Tra una pennellata e l'altra, l'imbianchino appassionato di ornitologia mi disse che da queste parti le cornacchie stanno distruggendo le altre specie di uccelli, perché spadroneggiano e si mangiano le uova dai nidi altrui. A quanto vedo girando per il parco Nord, direi che potrebbe aver ragione: sono davvero tante, numerose e grosse, mentre altri uccellini non si vedono che raramente.
Più che un piumaggio pare una livrea la loro, severa fino quasi alla minaccia. Finora però al mio passaggio s'allontanano e non cercano di mangiarmi le scarpe, sebbene a parer mio percepiscano in qualche modo i miei pregiudizi nei loro confronti.

21 ottobre 2014

Un sentire elevato a potenza

Ci sono momenti in cui ti godi tutto quanto, momenti in cui la densità del vivere pesa d'una pienezza profumata di colori e musica, momenti in cui la gioia si fa euforica fino a traboccare da un sorriso che prende tutta la faccia e ti espande il torace.

Ci pensavo l'altro giorno in auto, a uno di quei momenti. Anzi: ci pensavo ancor prima di salirci, mentre ipotizzavo di metter su il CD di Paolo Conte, ovvero una raccolta contenente Bartali. Più che pensarci, in verità, m'era esplosa tra le note giocosa l'associazione d'idee capace di riportarmi di botto al giorno del mio cinquantunesimo compleanno, quando, a conclusione della splendida gita montana, riscendevo in auto, a equipaggio completo, i venti e passa tornanti del Pordoi, con l'accompagnamento del garbato e sguaiato artista astigiano.

Quella volta, il godimento si moltiplicò grazie alla compagnia, non solo perché in generale la condivisione raddoppia il piacere (vedi l'intestazione qui sopra), ma perché, in effetti, quando capita di goderti qualcosa al cospetto di qualcuno che ti conosce veramente, quando sai che la tua euforia verrà compresa appieno, è come se il sentire si elevasse a potenza, rimbalzando e balzando contento di essere riconosciuto.

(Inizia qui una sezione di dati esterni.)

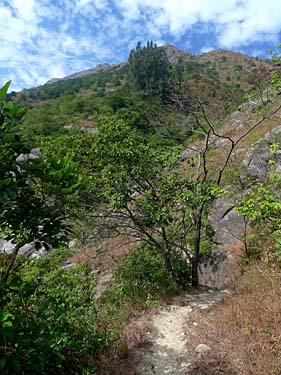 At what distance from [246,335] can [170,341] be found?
131cm

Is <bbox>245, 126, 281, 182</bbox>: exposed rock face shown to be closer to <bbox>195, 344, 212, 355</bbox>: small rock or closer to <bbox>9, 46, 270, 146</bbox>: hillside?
<bbox>9, 46, 270, 146</bbox>: hillside

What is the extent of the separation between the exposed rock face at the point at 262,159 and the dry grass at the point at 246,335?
6056 millimetres

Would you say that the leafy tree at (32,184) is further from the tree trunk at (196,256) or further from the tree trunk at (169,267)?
the tree trunk at (196,256)

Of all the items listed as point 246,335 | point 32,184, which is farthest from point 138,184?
point 32,184

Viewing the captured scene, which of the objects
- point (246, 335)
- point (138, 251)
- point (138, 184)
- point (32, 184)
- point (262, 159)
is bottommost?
point (246, 335)

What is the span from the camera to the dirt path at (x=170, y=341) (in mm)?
4023

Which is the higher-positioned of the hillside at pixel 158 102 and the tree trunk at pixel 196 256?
the hillside at pixel 158 102

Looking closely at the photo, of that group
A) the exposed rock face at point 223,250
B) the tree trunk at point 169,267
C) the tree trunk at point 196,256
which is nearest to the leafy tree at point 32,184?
the tree trunk at point 169,267

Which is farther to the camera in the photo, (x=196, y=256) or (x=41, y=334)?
(x=196, y=256)

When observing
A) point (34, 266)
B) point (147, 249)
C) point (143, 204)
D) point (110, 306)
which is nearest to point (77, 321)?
point (110, 306)

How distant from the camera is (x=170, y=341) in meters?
4.80

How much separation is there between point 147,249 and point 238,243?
8.63 ft

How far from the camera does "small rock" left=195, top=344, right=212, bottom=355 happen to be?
407 cm

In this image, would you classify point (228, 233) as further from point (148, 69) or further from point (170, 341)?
Result: point (148, 69) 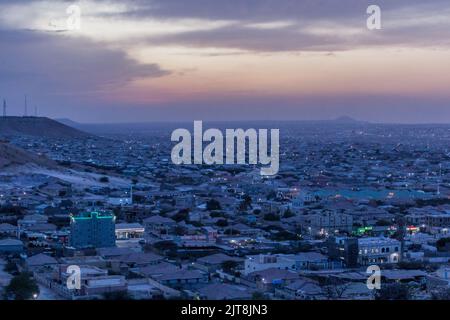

È questo che, una volta verbalizzato, l'altro giorno ho comunicato telefonicamente al mio amico Alberto, che faceva parte del suddetto equipaggio. Per farlo, ho rinunciato a riascoltare il CD, ma ne è valsa la pena, giacché ancora una volta la condivisione era stata prodiga di piacere e di mutua contentezza. Tanto più che per un riascolto basta un clic su un link di poche righe fa.

15 ottobre 2014

Uno e un solo gelato

Ho mangiato un gelato, domenica. Non so da quanto tempo non lo facevo, anzi, lo so benissimo: da oltre due mesi, perché l'ultimo l'avevo mangiato a Galeata verso la fine di luglio e poi, al termine di quella vacanza itinerante, mi ero imposto uno stop ai dolci, stop rispettato per due mesi pieni, fatte salve un paio di eccezioni per eccezionali tagli di torta da occasione speciale.
Ho mangiato un gelato, dicevo, ma in verità me lo sono proprio goduto, anzi: l'ho pregustato, fin dal momento in cui ho deciso di appropinquarmi a una delle mie gelaterie preferite in assoluto. Una gelateria da poesia pura: sta L'albero dei gelati in quel di Seregno, zona Santa Valeria, e fa frutti freddi e buoni.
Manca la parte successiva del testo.